“So you believe her power has been trapped without an outlet for too long, and that is why it has this effect on her?”
Halvor nodded, his honey-brown eyes warm in the lantern light, even though it was nearing dawn and neither of us had slept. His wavy hair was askew from the countless times he’d pushed his hands through it during the night. Books were strewn around where we sat side by side on the floor, our backs resting against the cold windowpane. I’d been nervous to lean against it at first, but Halvor had studied the windows for several long minutes, his eyes wide and fingers pressed experimentally against the pane, before turning to me and assuring me that it was no ordinary window—that it was Paladin glass, created in Visimperum and imbued with Paladin magic making it clearer than any glass manufactured in Vamala, but twice as strong. He’d looked almost as excited about the glass as he’d been about the library.
“It’s the only explanation that makes sense. She uses that power to help her plants grow, and in so doing, it releases the ‘pressure,’ so to speak, just enough for the roar to recede—albeit only briefly.”
“That’s the part I don’t understand. If it is a buildup of power, why doesn’t releasing it help longer?” I looked down at the books Halvor had eagerly skimmed, longing to be able to understand them as he did. We’d spent hours there; he scanned the pages silently while I watched and impatiently waited for him to explain what he’d read, trying to wrap my mind around the reality that I was sitting next to a boy, in the library, reading Paladin books together. Talking. I was talking to a boy … and hopefully didn’t sound like a complete fool.
“Well … I do have one theory.”
“Yes?” I prompted when he didn’t immediately expound.
“What if…” He cleared his throat, keeping his gaze down. “Perhaps your sister is far more powerful than you realize. If that were the case, it would stand to reason such a small release of power—encouraging a plant to grow—would barely be enough to clear her mind and only for a few minutes, as you’ve seen.”
Could it truly be so simple? After all these years of trying and failing to help her … all I’d needed to do was find a larger outlet for her power? “But … what?”
Halvor had already gone back to his book, flipping pages eagerly, until my question made him pause and look up.
I clarified, “What else could I do to help her use a greater portion of her power?”
He placed his finger in the book before closing it to hold his spot. “I’m not sure.

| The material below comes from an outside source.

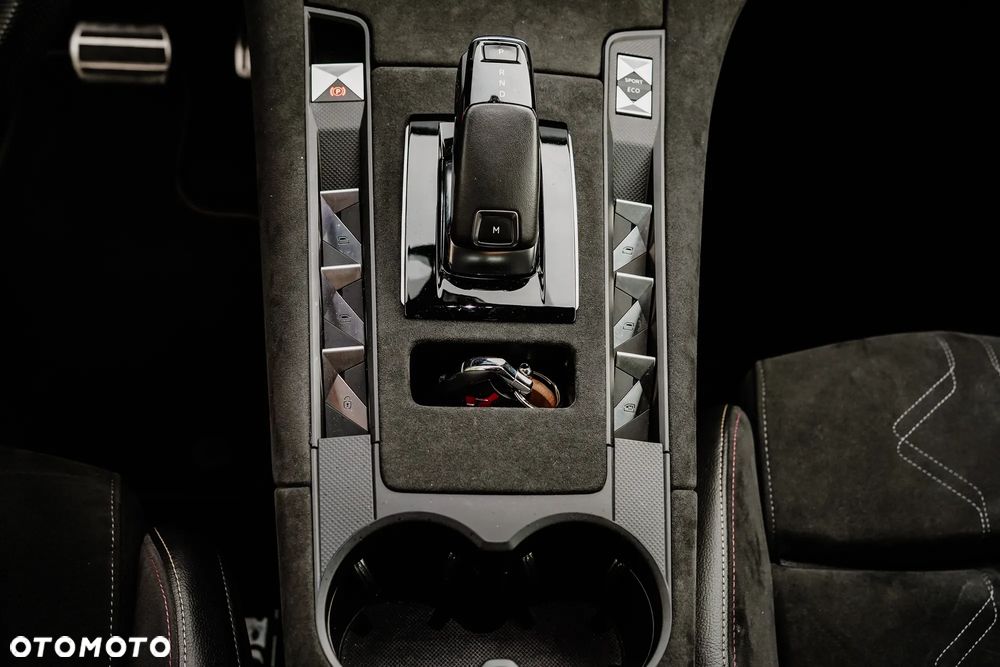 DS Automobiles DS 7 1.6 E-Tense Performance Line - 34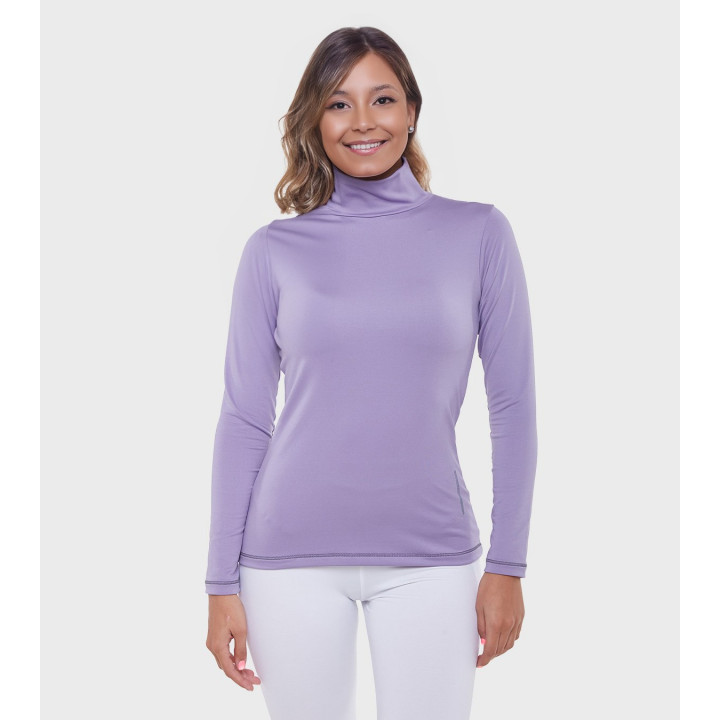 Polera de mujer Aspen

What else has worked?”
I rubbed at my eyes, trying to ignore the sensation of grit beneath my eyelids, as though I’d been standing in a sandstorm for hours instead of a library. “Not much,” I admitted. The burned curtains came to mind, but if she had regained lucidity after accidentally starting the fire, I hadn’t seen it, because Sami had rushed her away while I’d tried to calm Mother down and put out the fire.

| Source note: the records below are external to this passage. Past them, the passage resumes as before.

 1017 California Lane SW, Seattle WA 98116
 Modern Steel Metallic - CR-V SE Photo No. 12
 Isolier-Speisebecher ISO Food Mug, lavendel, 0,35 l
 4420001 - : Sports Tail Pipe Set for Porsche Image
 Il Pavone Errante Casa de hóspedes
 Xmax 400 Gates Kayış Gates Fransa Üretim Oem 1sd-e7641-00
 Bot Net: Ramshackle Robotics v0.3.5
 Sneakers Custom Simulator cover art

“There must be something more than growing fruits and vegetables.”
“Is it possible that her power only works on plants?” I shifted on the hard floor. My back ached from sitting for so long, leaning against the night-chilled windowpane. Outside, the moon and stars had slowly been blotted out by clouds of onyx and slate slithering over the distant peaks and creeping across the sky toward the valley.
Rather than responding, Halvor began rifling through the stacks of books he’d pulled from various shelves. I forced myself to wait, having already learned in the few hours we’d spent together that he often seemed to be ignoring a question or like he’d forgotten to answer me, but in reality was searching for the very answer I awaited. He was so very methodical, from the way he moved, to the things he said, even the care with which he held the books and turned their pages with his long, tapered fingers. A scholar’s fingers, with residual ink stains still on a few knuckles, despite his months of travel from Mercarum to Gateskeep and the citadel. I had to resist lifting my own fingers to compare them to his.

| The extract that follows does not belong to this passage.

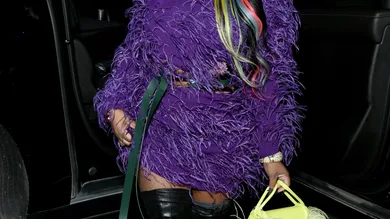 Jared Siskin/Getty Images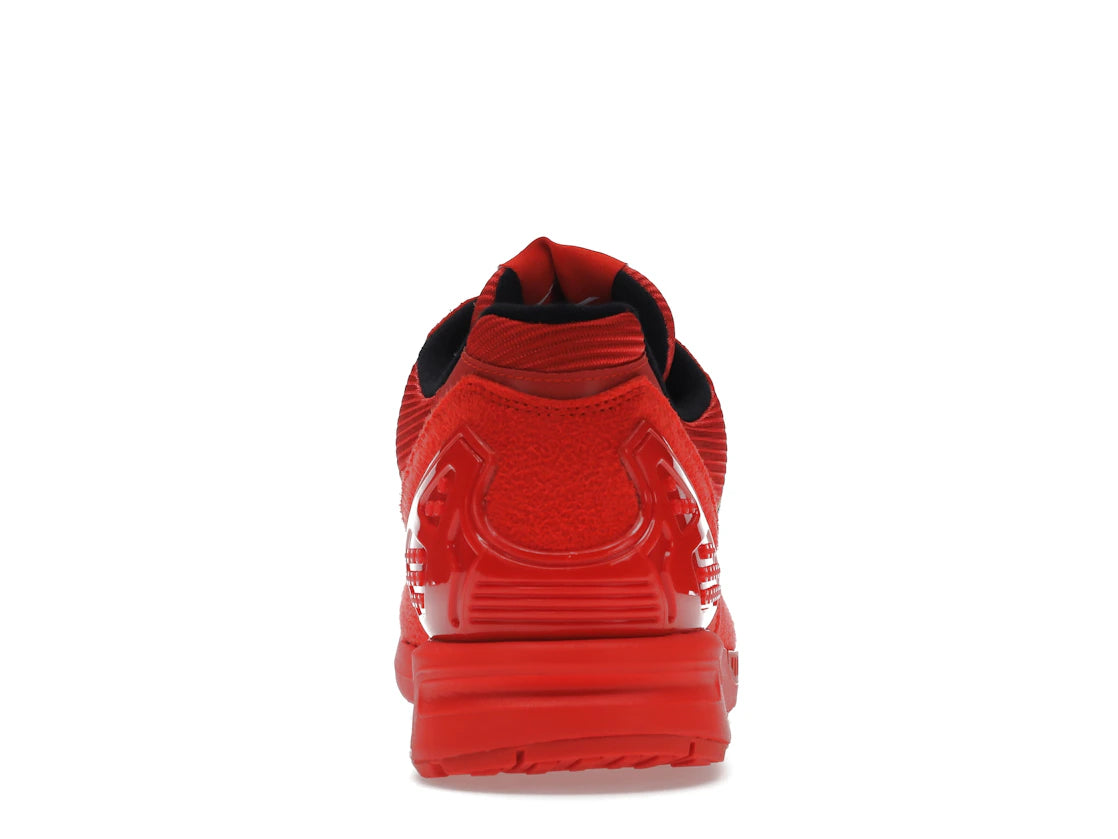 adidas ZX 8000 LEGO Color Pack Rot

Finally, he chose one—a beautiful tome bound in black leather with lettering that looked to be gold leaf embossed on the cover. He scooted slightly closer to show it to me until his arm brushed my arm. Halvor seemed oblivious to the contact as he tapped the words on the cover exuberantly, but I couldn’t ignore the proximity of his body to mine—the warmth and solidity of a living person pressed against my side compared to the lifeless chill of the glass at my back.
“This word here”—he underlined it with his finger—“means ‘power’ in the Paladin language. With any luck, we might find some answers in this book.”
“Do you really—”
The door across the library suddenly banged open and Sami rushed in, her nightcap askew and a robe haphazardly tied over her sleeping gown. Her age-worn cheeks were blotchy and her hairline was damp as if she’d run the entire length of the citadel. I launched to my feet, my heart lurching up to my throat.
“She’s up,” Sami gestured wildly, her eyes frantic. “She already summoned me for some tea. Come! Hurry!”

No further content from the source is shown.